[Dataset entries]
● ● ● ●

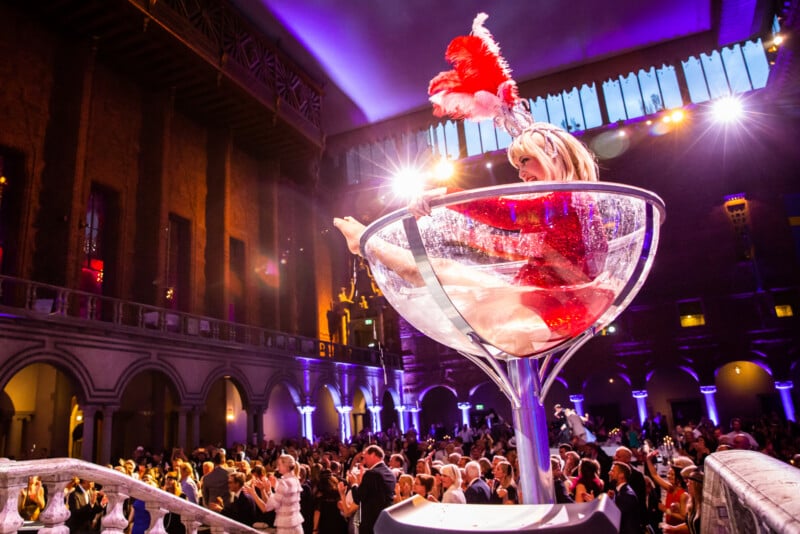 A performer in a red sequined outfit and feathered headdress poses inside a giant martini glass on stage, overlooking a large, elegantly dressed crowd in a grand hall with purple lighting.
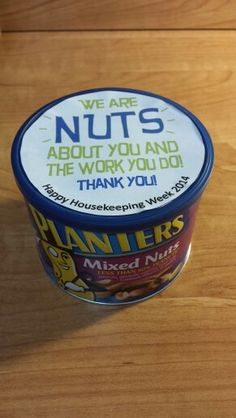 a container of nut butter sitting on top of a wooden table next to a cup of coffee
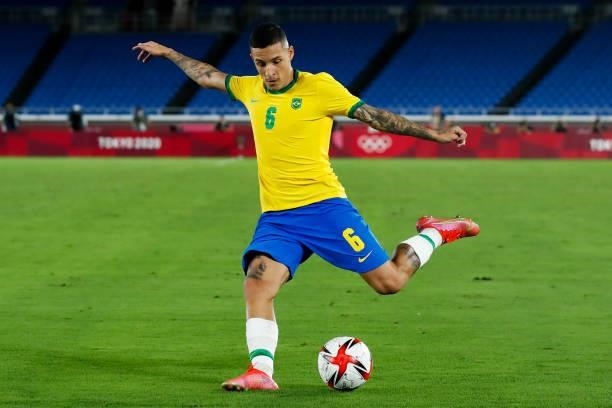 Guilherme Arana of Brazil pass the ball during the Men's Gold Medal Match between Brazil and Spain on day fifteen of the Tokyo 2020 Olympic Games at...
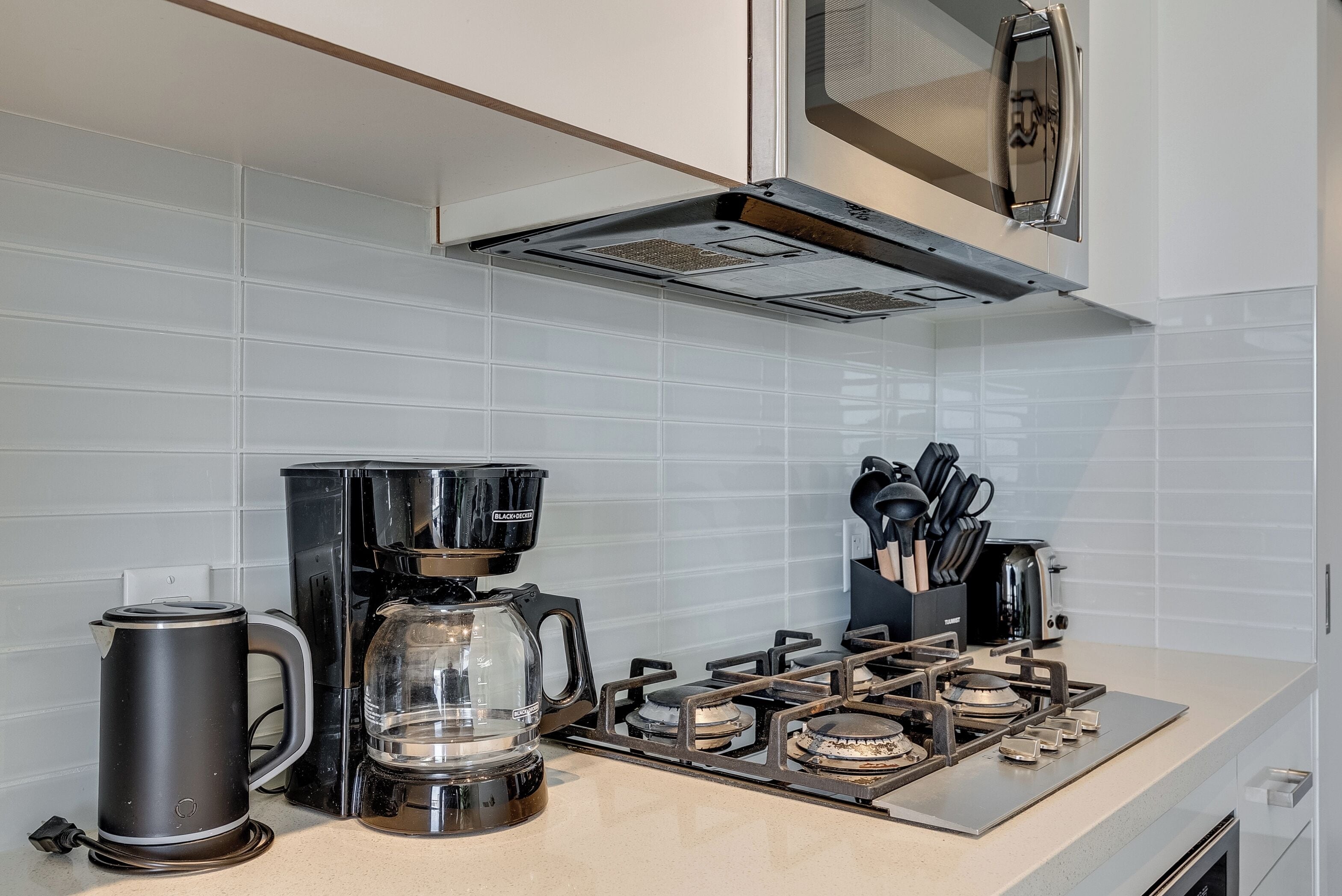 Una cocina con estufa a gas, cafetera y hervidor.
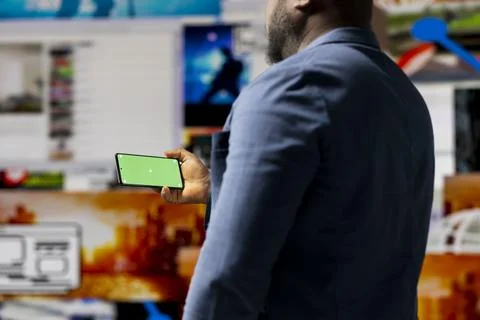 Professional media expert in a high tech space holds green screen Stock Photos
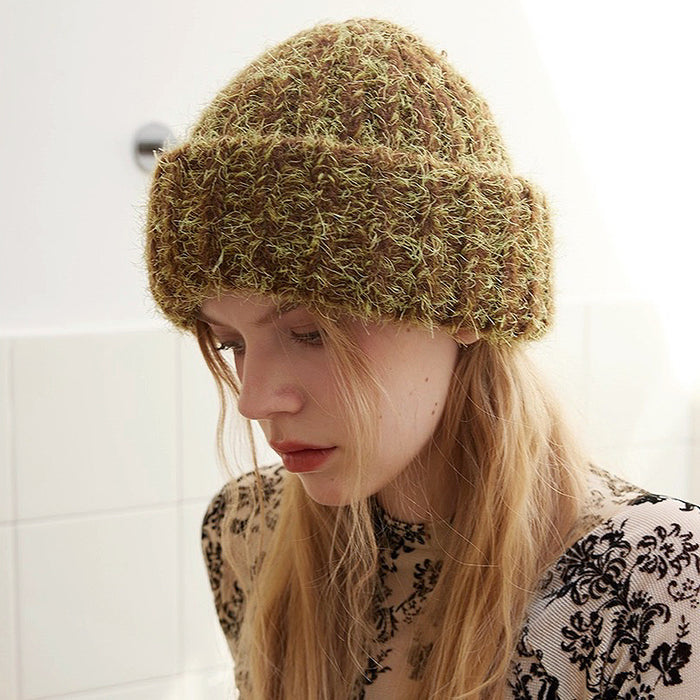 Woman wearing fluffy knitted thick beanie in brown and lime green, crafted for maximum thermal insulation.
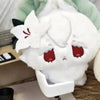 A white plush pendant collectible doll with pink accents and a green fabric background.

● ● ● ●

● **Work to complete**: Skip the pictures and reproduce all remaining entries exactly.

● **Finished task**:
 A performer in a red sequined outfit and feathered headdress poses inside a giant martini glass on stage, overlooking a large, elegantly dressed crowd in a grand hall with purple lighting.
 a container of nut butter sitting on top of a wooden table next to a cup of coffee
 Guilherme Arana of Brazil pass the ball during the Men's Gold Medal Match between Brazil and Spain on day fifteen of the Tokyo 2020 Olympic Games at...
 Una cocina con estufa a gas, cafetera y hervidor.
 Professional media expert in a high tech space holds green screen Stock Photos
 Woman wearing fluffy knitted thick beanie in brown and lime green, crafted for maximum thermal insulation.
 A white plush pendant collectible doll with pink accents and a green fabric background.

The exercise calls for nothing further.